FAQ – Forecast

RRDtool includes:

1. the Holt-Winters forecasting algorithm that is used to adaptely predict future values;
2. a measure of the deviation between predicted and observed values, and definition of confidence bands;
3. aberrant behavior detection mechanism that flags observations that are too deviant from the predicted values.

Forecasting

The prediction is based on the Holt-Winters forecasting algorithm. It adaptively predicts future observations in a time series.

This forecast is the sum of three components:

• a baseline (or intercept),
• a linear trend over time (or slope),
• a seasonal coefficient (a periodic effect, such as a daily cycle in our case).

There is one seasonal coefficient for each time point in the period (cycle). After a value is observed, each of these components is updated via exponential smoothing. This means that the algorithm "learns" from past values and uses them to predict the future.

The rate of adaptation is governed by 3 parameters:

• alpha: α is the adaption parameter of the intercept (or baseline) coefficient in the Holt-Winters forecasting algorithm. α must lie between 0 and 1. A value closer to 1 means that more recent observations carry greater weight in predicting the baseline component of the forecast. A value closer to 0 means that past history carries greater weight in predicting the baseline component.
• beta: β is the adaption parameter of the slope (or linear trend) coefficient in the Holt-Winters forecasting algorithm. β must lie between 0 and 1 and plays the same role as α with respect to the predicted linear trend.
• gamma seasonal: γ is the adaption parameter of the seasonal coefficients in the Holt-Winters forecasting algorithm. It must lie between 0 and 1. Note that because there is one seasonal coefficient for each time point during the seasonal cycle, the adaptation rate is much slower than the baseline. Each seasonal coefficient is only updated (or adapts) when the observed value occurs at the offset in the seasonal cycle corresponding to that coefficient.

The closer the parameters are from 1, the faster the algorithm adapts.

Confidence Bands

The measure of deviation is a seasonal weighted absolute deviation. The term "seasonal" means deviation is measured separately for each time point in the seasonal cycle.
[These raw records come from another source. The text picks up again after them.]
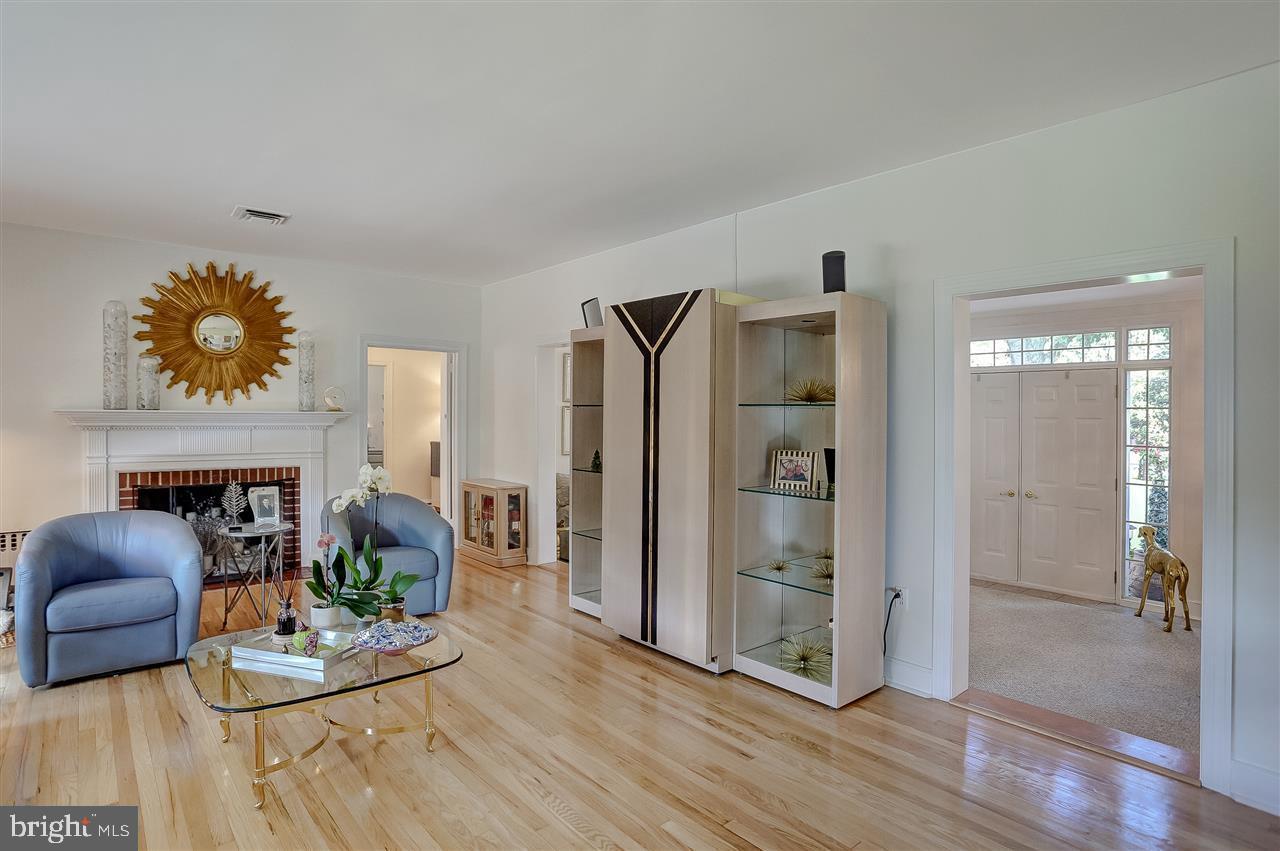 4305 Crestview Road Harrisburg, PA 17112 - Photo 8 of 25 Gallery Image 8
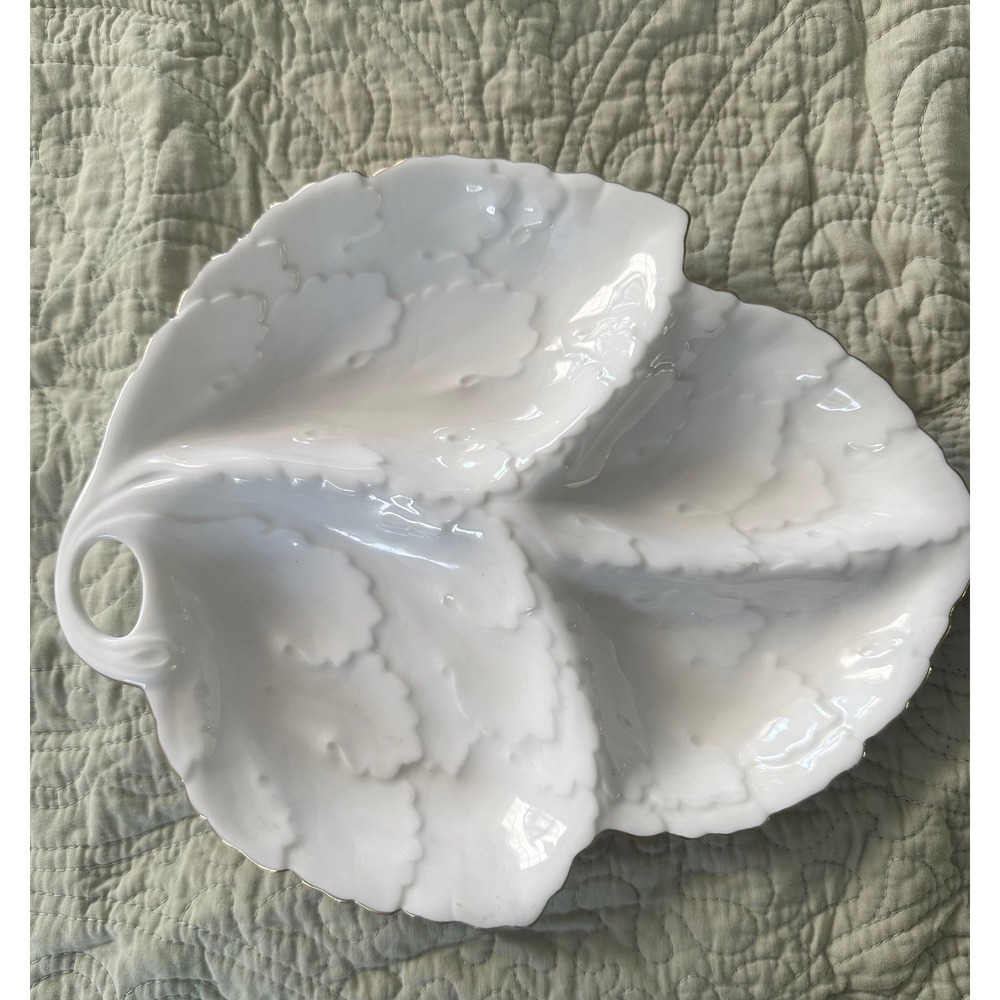 Home Beautiful Vermeil TY001 Petite Bone China Divided Leaf Serving Dish Japan
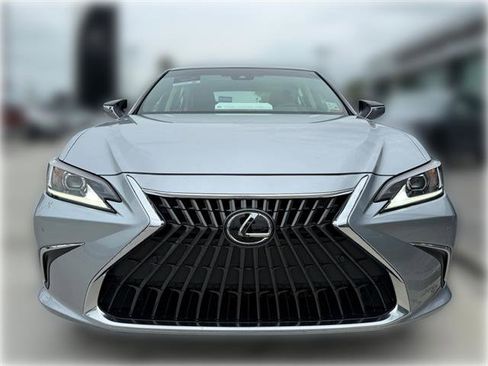 Certified 2025 Lexus ES 350 w/ Premium Package FWD image 2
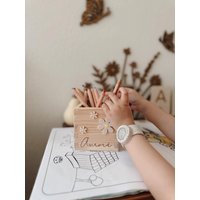 Stiftehalter Aus Holz Personalisiert, Stiftebox, Personalisiertes Geschenk, Geschenk Einschulung, Zum Schulstart Für Stifte Mit Daisy Blumen von lyllevenn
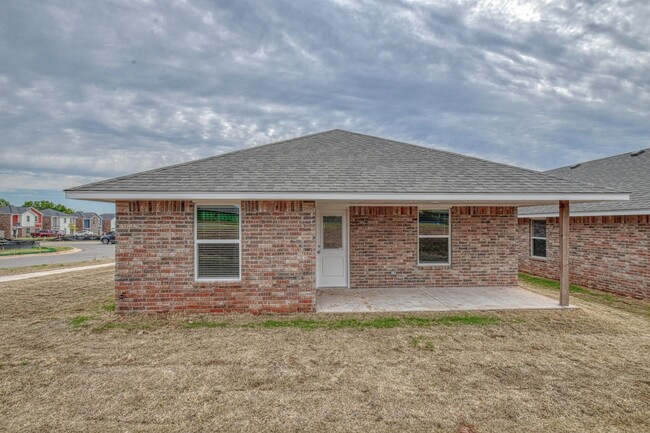 Building Photo - New Construction in Varenna Landing! Storm...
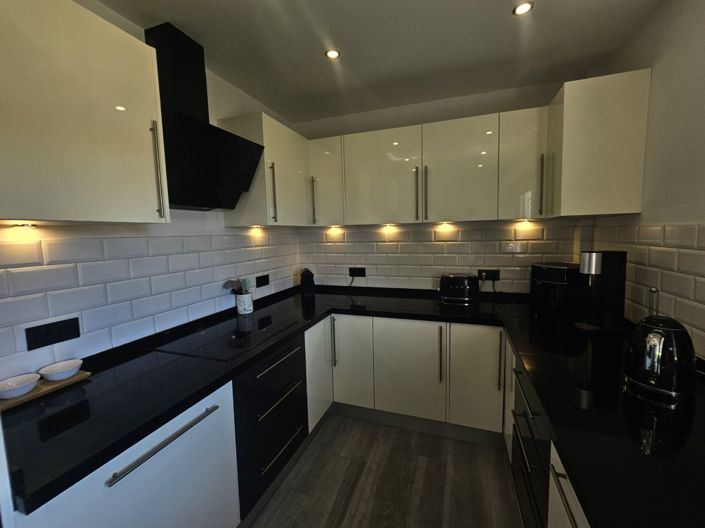 Image No.19-4 Bed Villa for sale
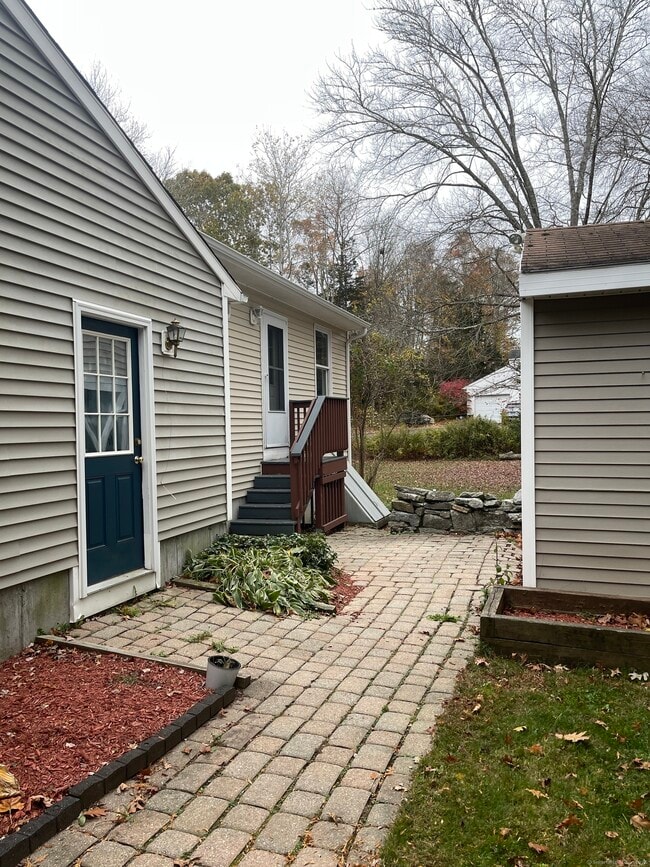 Building Photo - 17 Heather Glen Ln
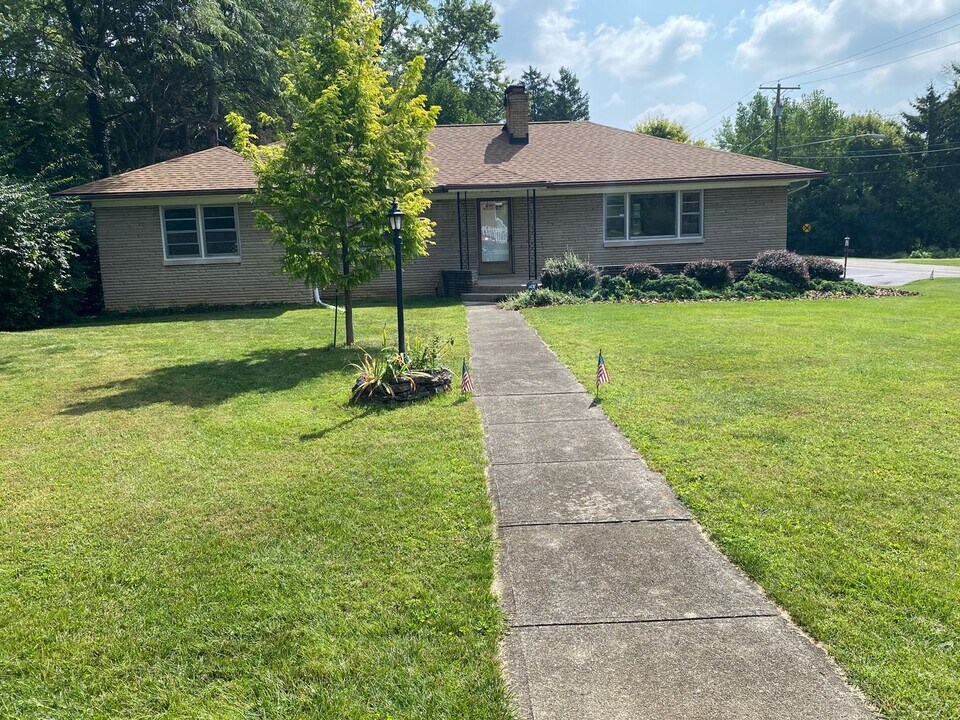 840 Highland Dr in Columbus, OH - Building Photo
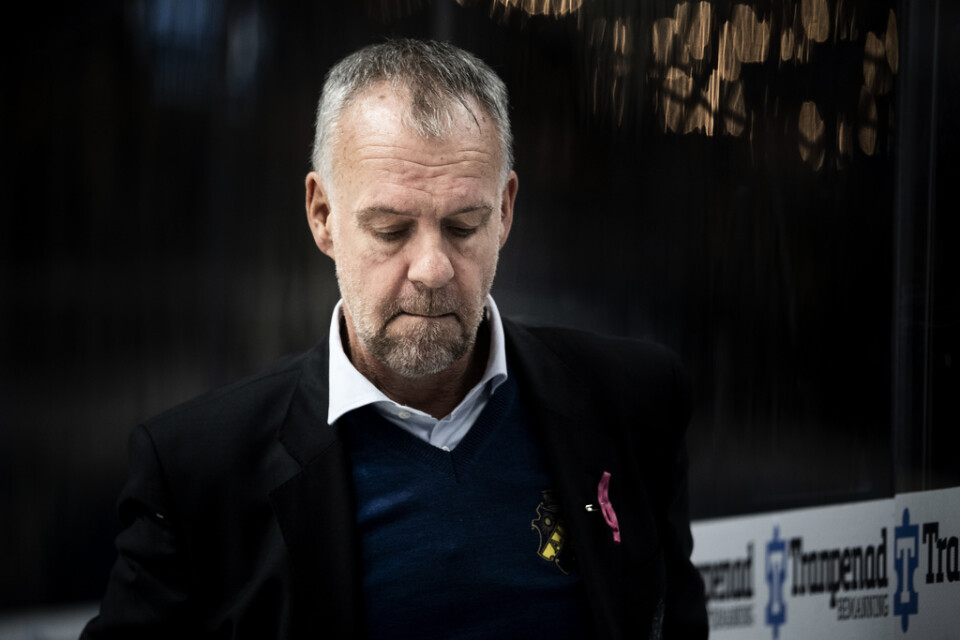 Tränaren Bobo Simensen och AIK vände 1–4 till 5–4 men förlorade ändå hemma mot Karlskrona. Arkivbild.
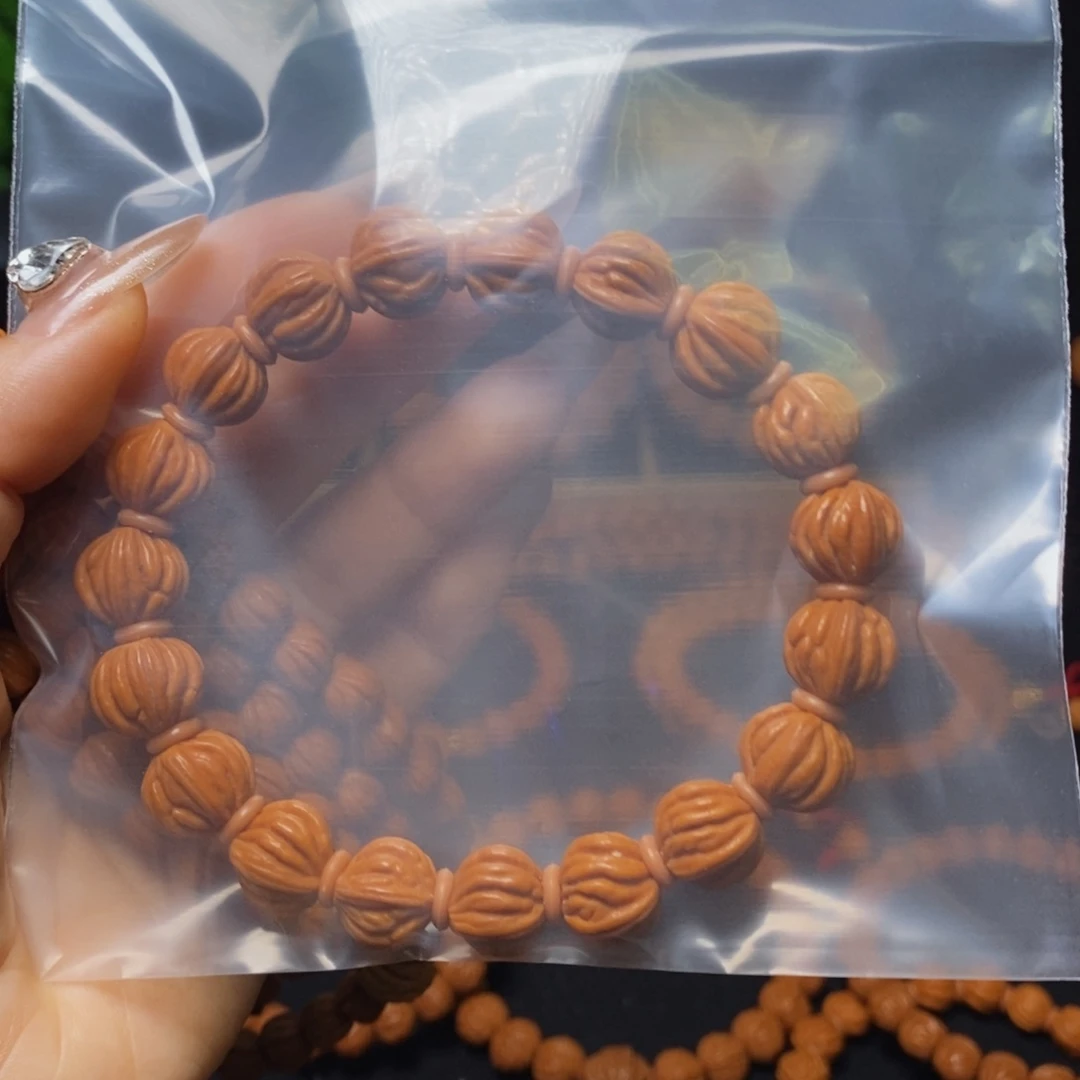 小***呆吊坠桃核秦岭文玩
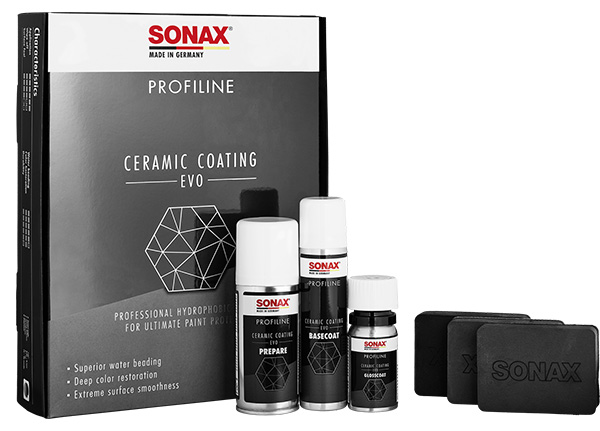 SONAX PROFILINE CC Evo -pakkaus sisältää esikäsittelytuotteen, kaksi suojatuotetta sekä kolme levityssientä.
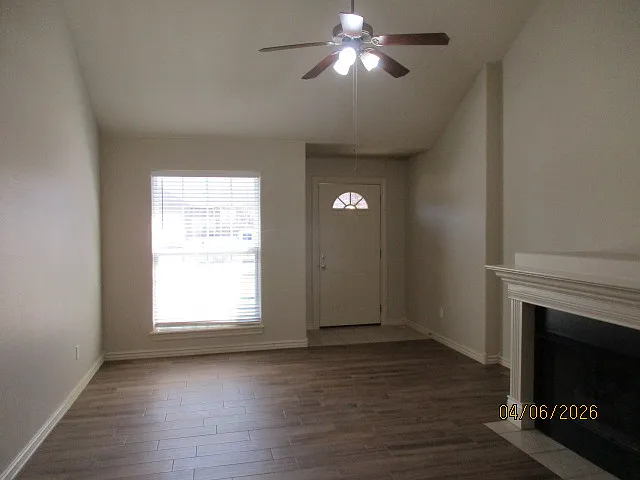 937 Oak Crossing Dr — Photo 4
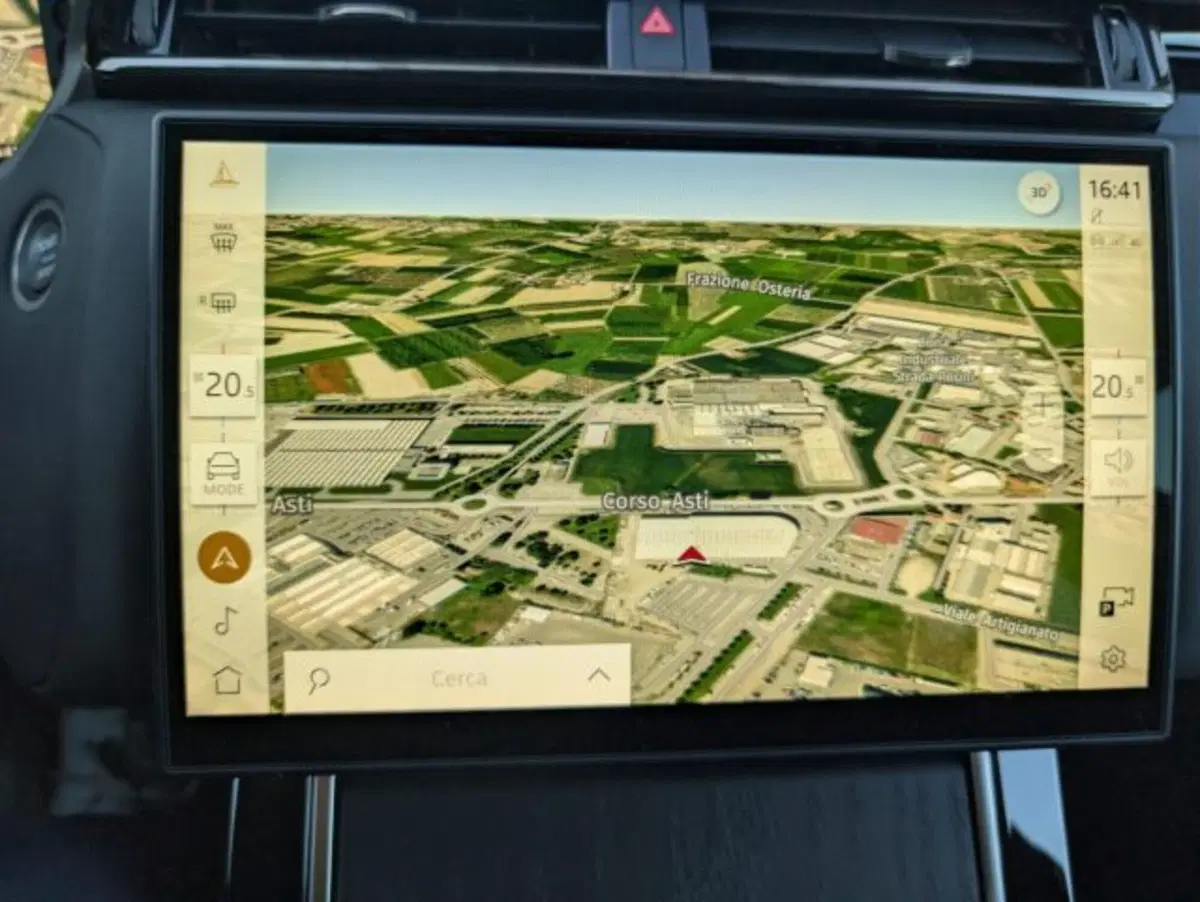 Land Rover Range Rover Velar usata a Cuneo (12)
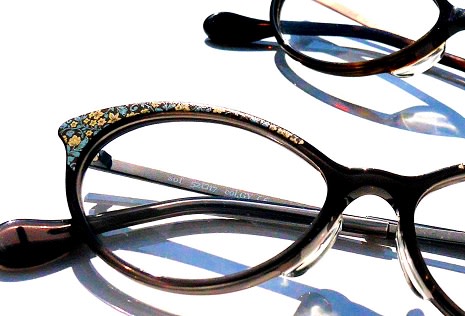 おすすめがね日記83　リピート紹介　AKKITO sof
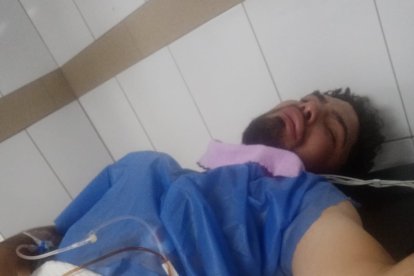 La víctima ya fue llevada a su casa. Allí debe seguir inmovilizado.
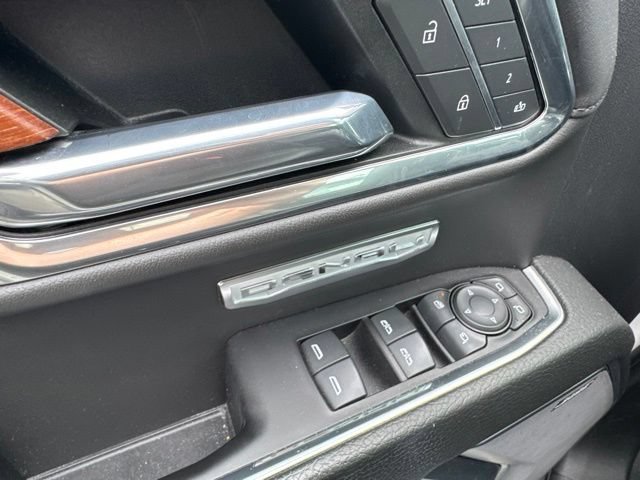 Used 2022 GMC Sierra 1500 Denali w/ Denali Reserve Package AWD/4WD image 12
As with Holt-Winters forecasting, deviation is predicted using the measure computed from past values (but only at that point in the seasonal cycle). After the value is observed, the algorithm learns from the observed value via exponential smoothing. Confidence bands for the observed time series are generated by scaling the sequence of predicted deviation values.

gamma seasonal deviation is the adaption parameter in the exponential smoothing update of the seasonal deviations. It must lie between 0 and 1. The closer it is from 1, the faster the algorithm adapts. Note that because there is one seasonal deviation for each time point during the seasonal cycle, the adaptation rate is much slower than the baseline.

Aberrant-behavior detection

Aberrant-behavior (a potential SID event) is reported whenever the number of violations (observations that fall outside the confidence bands) exceeds a specified threshold within a specified moving temporal window.

The following parameters affect the detection mechanism:

• upper bound or deltapos: δ₊ alters the deviation scaling factor for the upper bound of the confidence band used internally to detect a violations. The default value is 2.
• lower bound or deltaneg: δ_– alters the deviation scaling factor for the lower bound of the confidence band used internally to detect a violations. The default value is 2.
• threshold is the minimum number of violations (observed values outside the confidence bounds) within a window that constitutes a failure. The default value is 7.
• window length is the number of time points in the window. Specify an integer greater than or equal to the threshold and less than or equal to 28. The time interval this window represents depends on the acquisition update time. The default value is 9.

Note: This information is based on RRDTool documentation and on the paper "Aberrant Behavior Detection in Time Series for Network Monitoring" by Jake D. Brutlag, Proceedings of the 14^th Systems Administration Conference (LISA 2000), New Orleans, Louisiana, USA, December 3-8, 2000.